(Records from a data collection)
+++
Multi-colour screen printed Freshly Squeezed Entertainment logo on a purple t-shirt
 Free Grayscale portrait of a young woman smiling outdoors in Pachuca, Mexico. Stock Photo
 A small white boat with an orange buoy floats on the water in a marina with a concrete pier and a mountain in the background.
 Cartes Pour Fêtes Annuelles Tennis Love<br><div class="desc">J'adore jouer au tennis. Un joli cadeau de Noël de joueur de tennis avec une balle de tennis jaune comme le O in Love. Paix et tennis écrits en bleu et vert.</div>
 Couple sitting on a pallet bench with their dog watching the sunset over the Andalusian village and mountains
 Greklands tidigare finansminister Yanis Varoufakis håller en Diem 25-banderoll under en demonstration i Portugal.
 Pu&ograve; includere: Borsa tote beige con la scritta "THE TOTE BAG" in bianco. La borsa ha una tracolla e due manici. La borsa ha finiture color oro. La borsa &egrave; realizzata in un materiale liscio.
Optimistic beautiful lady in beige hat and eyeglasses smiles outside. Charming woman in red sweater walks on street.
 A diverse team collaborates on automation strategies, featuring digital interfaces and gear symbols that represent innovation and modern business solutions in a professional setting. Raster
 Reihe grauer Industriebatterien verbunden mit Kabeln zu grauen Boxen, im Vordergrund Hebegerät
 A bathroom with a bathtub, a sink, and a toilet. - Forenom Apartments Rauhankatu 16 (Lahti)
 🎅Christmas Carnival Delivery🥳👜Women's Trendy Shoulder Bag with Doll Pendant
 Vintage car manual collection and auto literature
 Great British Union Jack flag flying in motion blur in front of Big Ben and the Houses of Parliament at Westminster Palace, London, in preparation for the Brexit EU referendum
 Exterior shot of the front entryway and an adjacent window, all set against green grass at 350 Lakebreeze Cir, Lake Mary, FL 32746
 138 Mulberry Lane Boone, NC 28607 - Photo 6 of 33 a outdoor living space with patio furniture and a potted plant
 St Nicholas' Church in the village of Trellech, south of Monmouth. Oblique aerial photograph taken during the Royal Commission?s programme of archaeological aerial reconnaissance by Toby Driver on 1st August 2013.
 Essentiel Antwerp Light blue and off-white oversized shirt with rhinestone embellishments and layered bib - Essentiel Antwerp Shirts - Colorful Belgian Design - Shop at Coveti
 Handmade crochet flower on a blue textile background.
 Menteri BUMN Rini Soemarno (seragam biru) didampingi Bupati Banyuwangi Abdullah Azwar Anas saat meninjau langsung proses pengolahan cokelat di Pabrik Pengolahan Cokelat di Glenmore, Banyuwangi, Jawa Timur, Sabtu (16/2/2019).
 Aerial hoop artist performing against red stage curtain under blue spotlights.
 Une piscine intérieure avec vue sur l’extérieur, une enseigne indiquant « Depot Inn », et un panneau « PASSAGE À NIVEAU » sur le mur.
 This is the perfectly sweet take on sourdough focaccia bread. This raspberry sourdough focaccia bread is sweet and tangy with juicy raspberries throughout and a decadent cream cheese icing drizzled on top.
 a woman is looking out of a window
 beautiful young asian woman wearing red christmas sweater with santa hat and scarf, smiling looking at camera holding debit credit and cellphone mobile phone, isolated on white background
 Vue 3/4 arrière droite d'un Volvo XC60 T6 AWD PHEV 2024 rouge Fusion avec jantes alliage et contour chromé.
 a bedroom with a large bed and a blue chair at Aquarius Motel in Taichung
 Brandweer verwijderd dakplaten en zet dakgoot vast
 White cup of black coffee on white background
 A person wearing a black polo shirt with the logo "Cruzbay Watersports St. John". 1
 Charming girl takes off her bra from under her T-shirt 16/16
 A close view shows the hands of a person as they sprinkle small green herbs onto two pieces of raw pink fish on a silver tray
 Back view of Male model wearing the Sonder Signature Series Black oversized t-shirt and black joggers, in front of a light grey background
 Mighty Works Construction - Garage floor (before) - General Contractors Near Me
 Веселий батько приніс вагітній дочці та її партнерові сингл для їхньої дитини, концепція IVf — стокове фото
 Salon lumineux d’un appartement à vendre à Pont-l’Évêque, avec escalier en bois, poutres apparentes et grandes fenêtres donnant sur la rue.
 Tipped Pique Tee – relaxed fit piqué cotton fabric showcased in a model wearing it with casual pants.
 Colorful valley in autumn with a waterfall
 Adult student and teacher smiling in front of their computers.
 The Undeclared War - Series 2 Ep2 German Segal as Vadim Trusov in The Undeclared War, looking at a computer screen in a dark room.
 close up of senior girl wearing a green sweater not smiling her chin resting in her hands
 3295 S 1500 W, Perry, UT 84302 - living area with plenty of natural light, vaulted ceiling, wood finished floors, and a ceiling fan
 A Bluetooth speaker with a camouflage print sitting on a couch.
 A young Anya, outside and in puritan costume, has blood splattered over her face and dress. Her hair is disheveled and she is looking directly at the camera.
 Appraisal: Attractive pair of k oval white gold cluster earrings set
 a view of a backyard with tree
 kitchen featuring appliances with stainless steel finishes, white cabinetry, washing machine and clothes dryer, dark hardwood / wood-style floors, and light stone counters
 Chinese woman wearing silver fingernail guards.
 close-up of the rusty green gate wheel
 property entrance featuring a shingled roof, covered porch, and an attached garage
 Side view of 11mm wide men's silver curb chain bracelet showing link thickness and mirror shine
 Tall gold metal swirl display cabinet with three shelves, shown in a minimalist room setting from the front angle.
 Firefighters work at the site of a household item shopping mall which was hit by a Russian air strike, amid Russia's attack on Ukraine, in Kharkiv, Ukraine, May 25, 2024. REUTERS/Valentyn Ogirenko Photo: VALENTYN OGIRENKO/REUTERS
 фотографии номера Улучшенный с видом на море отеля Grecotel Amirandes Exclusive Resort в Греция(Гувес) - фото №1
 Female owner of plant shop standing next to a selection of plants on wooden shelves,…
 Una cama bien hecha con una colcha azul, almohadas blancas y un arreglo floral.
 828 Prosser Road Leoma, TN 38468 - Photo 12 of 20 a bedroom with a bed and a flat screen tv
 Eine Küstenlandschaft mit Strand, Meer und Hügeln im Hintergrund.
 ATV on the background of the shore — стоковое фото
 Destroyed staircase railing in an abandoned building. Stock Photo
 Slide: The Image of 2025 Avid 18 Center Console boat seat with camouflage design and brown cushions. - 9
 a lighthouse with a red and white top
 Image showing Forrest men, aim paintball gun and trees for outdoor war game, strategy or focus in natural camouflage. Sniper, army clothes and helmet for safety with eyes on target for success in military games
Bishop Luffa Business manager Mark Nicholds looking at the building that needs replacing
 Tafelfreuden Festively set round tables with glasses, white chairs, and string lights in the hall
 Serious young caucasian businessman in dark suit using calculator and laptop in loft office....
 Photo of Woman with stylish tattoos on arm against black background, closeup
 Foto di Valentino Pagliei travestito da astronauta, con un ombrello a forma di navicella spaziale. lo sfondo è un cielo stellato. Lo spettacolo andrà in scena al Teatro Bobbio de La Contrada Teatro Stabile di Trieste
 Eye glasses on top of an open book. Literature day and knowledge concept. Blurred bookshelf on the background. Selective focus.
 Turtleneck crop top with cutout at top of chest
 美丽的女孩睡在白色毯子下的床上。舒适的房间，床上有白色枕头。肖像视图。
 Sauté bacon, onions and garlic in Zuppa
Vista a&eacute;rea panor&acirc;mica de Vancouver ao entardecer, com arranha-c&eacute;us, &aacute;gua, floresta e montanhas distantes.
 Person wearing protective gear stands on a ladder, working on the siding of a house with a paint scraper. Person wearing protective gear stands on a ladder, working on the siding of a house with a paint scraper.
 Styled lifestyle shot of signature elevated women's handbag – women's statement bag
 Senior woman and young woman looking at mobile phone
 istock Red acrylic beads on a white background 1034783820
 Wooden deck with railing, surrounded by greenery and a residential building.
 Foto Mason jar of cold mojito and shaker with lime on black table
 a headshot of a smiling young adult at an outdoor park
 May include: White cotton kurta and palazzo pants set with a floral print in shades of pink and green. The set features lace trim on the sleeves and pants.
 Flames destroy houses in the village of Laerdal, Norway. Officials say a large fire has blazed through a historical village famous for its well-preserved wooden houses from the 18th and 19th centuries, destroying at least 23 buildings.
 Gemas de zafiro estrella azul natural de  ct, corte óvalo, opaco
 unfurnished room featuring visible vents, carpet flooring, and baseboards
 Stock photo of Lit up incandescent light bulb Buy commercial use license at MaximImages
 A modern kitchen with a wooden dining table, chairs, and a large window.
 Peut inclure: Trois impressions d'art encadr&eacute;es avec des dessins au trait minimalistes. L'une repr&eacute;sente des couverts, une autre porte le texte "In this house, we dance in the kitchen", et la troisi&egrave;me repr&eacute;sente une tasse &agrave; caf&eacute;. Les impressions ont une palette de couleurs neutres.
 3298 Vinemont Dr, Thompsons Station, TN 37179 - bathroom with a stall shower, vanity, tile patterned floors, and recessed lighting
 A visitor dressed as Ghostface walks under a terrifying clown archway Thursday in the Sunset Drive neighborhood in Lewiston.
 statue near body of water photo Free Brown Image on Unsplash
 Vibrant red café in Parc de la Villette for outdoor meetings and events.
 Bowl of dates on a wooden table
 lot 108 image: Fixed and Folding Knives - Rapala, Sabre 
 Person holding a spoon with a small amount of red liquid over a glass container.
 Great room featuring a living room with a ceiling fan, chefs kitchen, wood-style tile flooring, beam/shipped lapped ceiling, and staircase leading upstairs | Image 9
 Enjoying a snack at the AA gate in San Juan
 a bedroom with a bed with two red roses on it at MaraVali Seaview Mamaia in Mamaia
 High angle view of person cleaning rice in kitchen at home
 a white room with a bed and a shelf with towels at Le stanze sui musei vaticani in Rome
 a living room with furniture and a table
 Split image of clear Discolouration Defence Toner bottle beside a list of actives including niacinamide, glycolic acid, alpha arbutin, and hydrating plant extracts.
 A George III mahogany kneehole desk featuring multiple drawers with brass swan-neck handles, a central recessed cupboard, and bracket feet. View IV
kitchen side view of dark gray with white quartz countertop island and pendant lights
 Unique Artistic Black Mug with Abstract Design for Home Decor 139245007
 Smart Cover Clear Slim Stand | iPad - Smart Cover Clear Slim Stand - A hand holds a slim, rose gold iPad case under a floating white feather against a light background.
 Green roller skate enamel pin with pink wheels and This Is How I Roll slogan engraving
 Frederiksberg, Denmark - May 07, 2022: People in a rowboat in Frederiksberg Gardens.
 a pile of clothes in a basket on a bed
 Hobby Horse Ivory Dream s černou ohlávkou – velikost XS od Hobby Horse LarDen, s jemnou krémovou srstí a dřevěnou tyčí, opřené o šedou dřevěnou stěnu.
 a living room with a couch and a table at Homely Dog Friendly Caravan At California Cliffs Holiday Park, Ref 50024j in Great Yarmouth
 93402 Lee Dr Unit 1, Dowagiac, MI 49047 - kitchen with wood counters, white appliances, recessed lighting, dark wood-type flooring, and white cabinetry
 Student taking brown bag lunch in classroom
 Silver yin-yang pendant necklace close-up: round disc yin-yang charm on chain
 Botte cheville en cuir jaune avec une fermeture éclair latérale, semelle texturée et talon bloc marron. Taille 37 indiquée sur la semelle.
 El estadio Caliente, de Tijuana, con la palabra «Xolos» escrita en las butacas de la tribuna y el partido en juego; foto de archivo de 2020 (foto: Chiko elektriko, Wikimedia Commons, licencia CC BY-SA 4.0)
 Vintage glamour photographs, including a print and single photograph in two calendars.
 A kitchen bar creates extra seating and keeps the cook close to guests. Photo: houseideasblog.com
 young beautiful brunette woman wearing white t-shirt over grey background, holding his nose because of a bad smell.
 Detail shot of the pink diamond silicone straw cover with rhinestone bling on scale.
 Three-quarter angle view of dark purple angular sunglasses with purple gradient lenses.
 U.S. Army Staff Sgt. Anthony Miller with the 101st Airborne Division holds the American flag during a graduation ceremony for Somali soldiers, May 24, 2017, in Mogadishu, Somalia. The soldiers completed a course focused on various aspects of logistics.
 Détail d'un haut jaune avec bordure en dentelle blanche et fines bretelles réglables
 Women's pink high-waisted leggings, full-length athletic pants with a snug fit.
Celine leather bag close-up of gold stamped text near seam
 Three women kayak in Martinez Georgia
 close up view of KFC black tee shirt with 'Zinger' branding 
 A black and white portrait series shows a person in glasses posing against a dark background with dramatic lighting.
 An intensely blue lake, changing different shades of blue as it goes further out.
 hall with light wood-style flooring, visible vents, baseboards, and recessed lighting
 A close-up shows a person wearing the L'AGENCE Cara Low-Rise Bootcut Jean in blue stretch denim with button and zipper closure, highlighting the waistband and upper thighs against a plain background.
+++
**What is required**: Above are the records; from them, give again exactly the lines from the one containing "Cartes Pour Fêtes" through the one containing "138 Mulberry Lane", both included.

**Solution to the problem**:
 Cartes Pour Fêtes Annuelles Tennis Love<br><div class="desc">J'adore jouer au tennis. Un joli cadeau de Noël de joueur de tennis avec une balle de tennis jaune comme le O in Love. Paix et tennis écrits en bleu et vert.</div>
 Couple sitting on a pallet bench with their dog watching the sunset over the Andalusian village and mountains
 Greklands tidigare finansminister Yanis Varoufakis håller en Diem 25-banderoll under en demonstration i Portugal.
 Pu&ograve; includere: Borsa tote beige con la scritta "THE TOTE BAG" in bianco. La borsa ha una tracolla e due manici. La borsa ha finiture color oro. La borsa &egrave; realizzata in un materiale liscio.
Optimistic beautiful lady in beige hat and eyeglasses smiles outside. Charming woman in red sweater walks on street.
 A diverse team collaborates on automation strategies, featuring digital interfaces and gear symbols that represent innovation and modern business solutions in a professional setting. Raster
 Reihe grauer Industriebatterien verbunden mit Kabeln zu grauen Boxen, im Vordergrund Hebegerät
 A bathroom with a bathtub, a sink, and a toilet. - Forenom Apartments Rauhankatu 16 (Lahti)
 🎅Christmas Carnival Delivery🥳👜Women's Trendy Shoulder Bag with Doll Pendant
 Vintage car manual collection and auto literature
 Great British Union Jack flag flying in motion blur in front of Big Ben and the Houses of Parliament at Westminster Palace, London, in preparation for the Brexit EU referendum
 Exterior shot of the front entryway and an adjacent window, all set against green grass at 350 Lakebreeze Cir, Lake Mary, FL 32746
 138 Mulberry Lane Boone, NC 28607 - Photo 6 of 33 a outdoor living space with patio furniture and a potted plant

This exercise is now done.